A year ago, the world was still wondering whether to expect a hard Trump or a soft Trump, and whether the new US president would be ready to adopt aggressive unilateral measures to balance the American trade deficit. Now, in the face of punitive measures targeting a specific product or country, and alternations between sanctions and concessions, the countries most exposed are adjusting their own retaliation measures.
Beyond this, European concerns are relate to Donald Trump’s desire to either disentangle himself from multilateral trade rules, or his destabilisation strategy to strengthen the disciplines of the World Trade Organization (WTO).
Will the US continues to block the appointment of judges at the WTO’s Appellate Body, the cornerstone of international trade regulation, to the point that they could blow up the dispute settlement system? In that case, one would have to brace for a trade war. Trade would no longer be rule-bound: we would be back in a Wild West replete with no-holds-barred showdowns. Or could the United Stated – along with the European Union, Japan and others – be serious about tackling the distortions that Chinese state capitalism is causing in the global economy, and that are having a more decisive impact on the US trade deficit?
The WTO needs its two legs: litigation and negotiation. It is by bringing China to the negotiating table that we can restore the confidence of the United States in the ability of the WTO to enforce fair rules. This would enable the litigation component to continue to playing its role in reducing trade tensions.
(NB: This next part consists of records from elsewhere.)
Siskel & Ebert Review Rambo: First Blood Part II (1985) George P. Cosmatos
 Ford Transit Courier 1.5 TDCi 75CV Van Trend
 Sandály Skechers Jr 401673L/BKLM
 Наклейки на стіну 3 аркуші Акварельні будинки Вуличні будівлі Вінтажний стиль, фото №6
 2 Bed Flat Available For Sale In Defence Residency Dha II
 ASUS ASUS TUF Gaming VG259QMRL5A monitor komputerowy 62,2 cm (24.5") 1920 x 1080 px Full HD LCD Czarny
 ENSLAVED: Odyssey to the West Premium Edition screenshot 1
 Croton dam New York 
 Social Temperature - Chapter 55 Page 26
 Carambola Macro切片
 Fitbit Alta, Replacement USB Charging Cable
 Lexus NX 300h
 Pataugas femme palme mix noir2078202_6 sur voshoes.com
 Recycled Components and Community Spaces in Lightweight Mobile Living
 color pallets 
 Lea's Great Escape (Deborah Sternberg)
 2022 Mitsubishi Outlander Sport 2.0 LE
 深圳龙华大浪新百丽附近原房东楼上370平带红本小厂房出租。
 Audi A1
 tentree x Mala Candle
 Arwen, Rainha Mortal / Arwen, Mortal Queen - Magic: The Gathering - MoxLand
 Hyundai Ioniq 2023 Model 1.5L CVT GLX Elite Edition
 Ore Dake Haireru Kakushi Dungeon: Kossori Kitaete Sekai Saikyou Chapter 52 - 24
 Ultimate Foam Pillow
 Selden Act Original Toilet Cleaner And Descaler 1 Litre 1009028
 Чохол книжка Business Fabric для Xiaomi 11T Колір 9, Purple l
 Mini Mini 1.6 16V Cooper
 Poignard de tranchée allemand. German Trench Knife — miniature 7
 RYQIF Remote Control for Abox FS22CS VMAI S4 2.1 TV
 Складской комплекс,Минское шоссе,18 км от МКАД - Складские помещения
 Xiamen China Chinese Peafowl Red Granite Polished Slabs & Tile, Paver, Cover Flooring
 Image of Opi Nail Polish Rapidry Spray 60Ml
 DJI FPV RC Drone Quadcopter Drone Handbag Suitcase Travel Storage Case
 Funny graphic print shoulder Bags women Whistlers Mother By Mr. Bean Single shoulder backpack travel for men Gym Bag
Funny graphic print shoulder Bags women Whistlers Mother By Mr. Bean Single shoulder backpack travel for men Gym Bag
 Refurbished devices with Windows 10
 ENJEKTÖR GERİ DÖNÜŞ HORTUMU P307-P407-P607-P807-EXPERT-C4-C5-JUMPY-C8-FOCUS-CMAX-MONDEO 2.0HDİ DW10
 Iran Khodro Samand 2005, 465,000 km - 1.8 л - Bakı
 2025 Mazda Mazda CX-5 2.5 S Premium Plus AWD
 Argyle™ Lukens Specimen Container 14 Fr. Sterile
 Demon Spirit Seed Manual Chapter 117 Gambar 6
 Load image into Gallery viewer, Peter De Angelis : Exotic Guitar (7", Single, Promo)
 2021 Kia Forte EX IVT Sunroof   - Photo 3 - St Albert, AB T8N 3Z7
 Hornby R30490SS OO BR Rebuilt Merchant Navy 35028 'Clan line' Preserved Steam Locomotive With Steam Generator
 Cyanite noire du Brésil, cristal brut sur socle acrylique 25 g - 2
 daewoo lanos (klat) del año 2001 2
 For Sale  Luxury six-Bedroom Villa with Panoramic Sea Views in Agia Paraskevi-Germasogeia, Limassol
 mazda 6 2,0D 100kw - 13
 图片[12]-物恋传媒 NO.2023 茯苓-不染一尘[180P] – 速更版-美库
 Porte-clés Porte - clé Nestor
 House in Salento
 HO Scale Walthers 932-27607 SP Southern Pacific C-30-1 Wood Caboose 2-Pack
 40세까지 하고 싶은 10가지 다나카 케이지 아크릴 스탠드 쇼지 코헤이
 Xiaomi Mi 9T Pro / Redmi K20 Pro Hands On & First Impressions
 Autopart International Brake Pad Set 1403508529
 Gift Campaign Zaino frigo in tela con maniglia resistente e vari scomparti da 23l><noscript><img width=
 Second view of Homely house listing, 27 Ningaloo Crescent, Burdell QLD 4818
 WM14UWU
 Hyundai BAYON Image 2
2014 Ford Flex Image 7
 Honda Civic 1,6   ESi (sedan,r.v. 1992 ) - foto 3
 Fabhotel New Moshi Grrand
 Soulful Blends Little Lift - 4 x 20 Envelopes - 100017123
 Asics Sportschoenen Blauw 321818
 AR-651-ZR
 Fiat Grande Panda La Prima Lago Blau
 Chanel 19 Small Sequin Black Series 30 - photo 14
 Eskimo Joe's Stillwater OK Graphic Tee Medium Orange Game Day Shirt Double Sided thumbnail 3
This policy paper, by Elvire Fabry, senior research fellow at the Jacques Delors Institute, and Erik Tate, research assistant at the Jacques Delors Institute, examines Washington’s criticisms of the Appellate Body, reviews the procedural reforms that could improve its operation, and advocates multilateral disciplines that should be more tightly enforced so that dispute settlement mechanisms facilitate fair trade. If the US President’s vision turned out to be more short-termist, it would be up to Europe and the other major powers to preserve a plurilateral regulatory framework, which would be all the more needed to counter the new disruptive factor that the United States would become.